I really liked the second movement which seemed, for an extended passage, to evoke the flight of birds and ended with statement that seemed to question everything that had been played up to that point. The third movement had a quick-footed, agitated state and lots of aggressive sounds with sharp edges. The fourth movement juxtaposed an arresting legato from the winds and first violinist with pizzicato from the other strings. The last movement was jaunty and dance-like. All of the musicians from both ensembles really got into the work and the resulting applause was very enthusiastic.

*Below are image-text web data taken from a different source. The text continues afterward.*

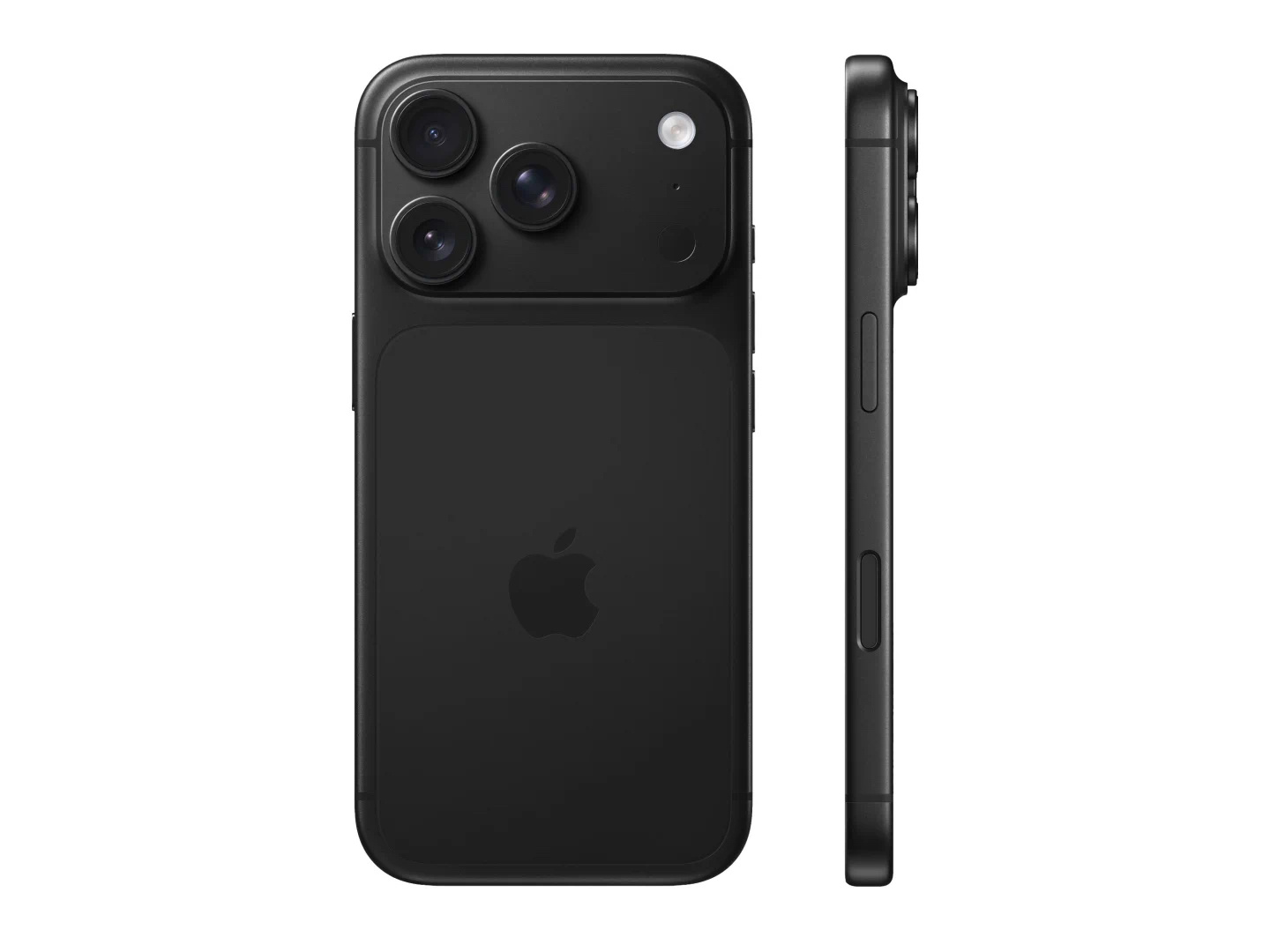 今年iPhone17 Pro系列为什么没有黑色？我听说是因为工艺问题才砍掉的，不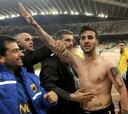 El AEK también suspende a Katidis por el saludo nazi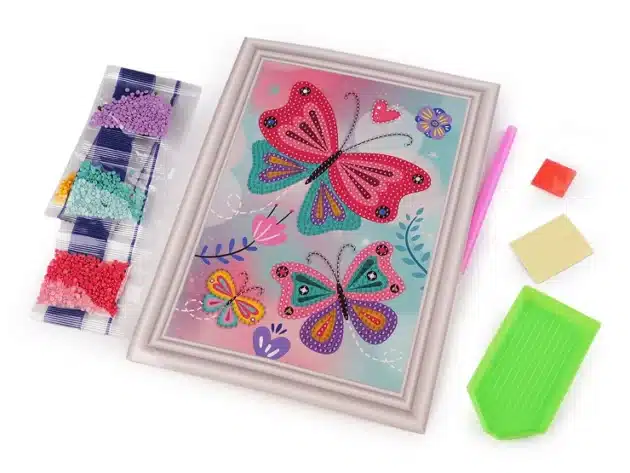 Diamond Painting Kits for All Ages. Perfect for ages 6-12 - Image 8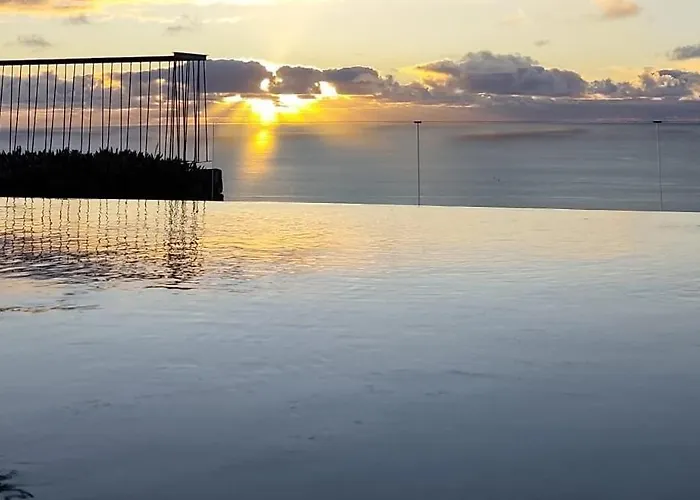 Casa Laina - Piscina Climatizada Villa Tijarafe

The Imani Winds with David Shifrin on bass clarinet began the concert with Leoš Janáček’s “Mládí” (“Youth”), a sextet that he wrote in 1924 at the age of 70. In this four movement piece, Janáček recalls the exuberance of his childhood, and, indeed the music from the get-go chrips along at a fast clip. The blasts from Jeff Scott’s French horn, were wonderfully echoed by others in the ensemble. The second movement seemed to have a more serious tone, which at one pointed became almost sultry. It also contained some intriguing passages for the clarinet, which were played wonderfully by Mariam Adam, and somewhere in this movement the group of musicians seemed really gel and take the music to a higher level. The happy, chirpy sounds returned in the third movement before there was an abrupt shift to a more lyrical style. The fourth movement was energetic and ended joyously, which the audience embraced wholeheartedly.
After intermission, The Miami String Quartet teamed up with pianist Shai Wosner to give an outstanding performance of Robert Schumann’s Quintet in E-flat major for piano and strings, Op. 44. Their collaboration was superb, due in part to the wonderful sense of communication. Everyone in the ensemble was looking and listening to each other so intently that they got the utmost out of this piece. You can hear a great recording of this work, but to hear it live like this goes beyond what any recording can do.
One of the highlights of the first movement included the way that violist Yu Jin finished the phrases that cellist Keith Robinson began. The sweet tone of Benny Kim’s violin during second theme of the second movement was delicious to the ears. The melancholy themes, the dreamy sections, the parts that sounded like a beehive at work: they were all outstanding. The way that Wosner kept the piano in balance with the strings was fantastic! I loved the way that he crouched at the keyboard and looked at Kim in anticipation of the first note of the last movement before pouncing on it. The audience got completely swept up in the music and went bonkers at the end. It was a great way to end the evening.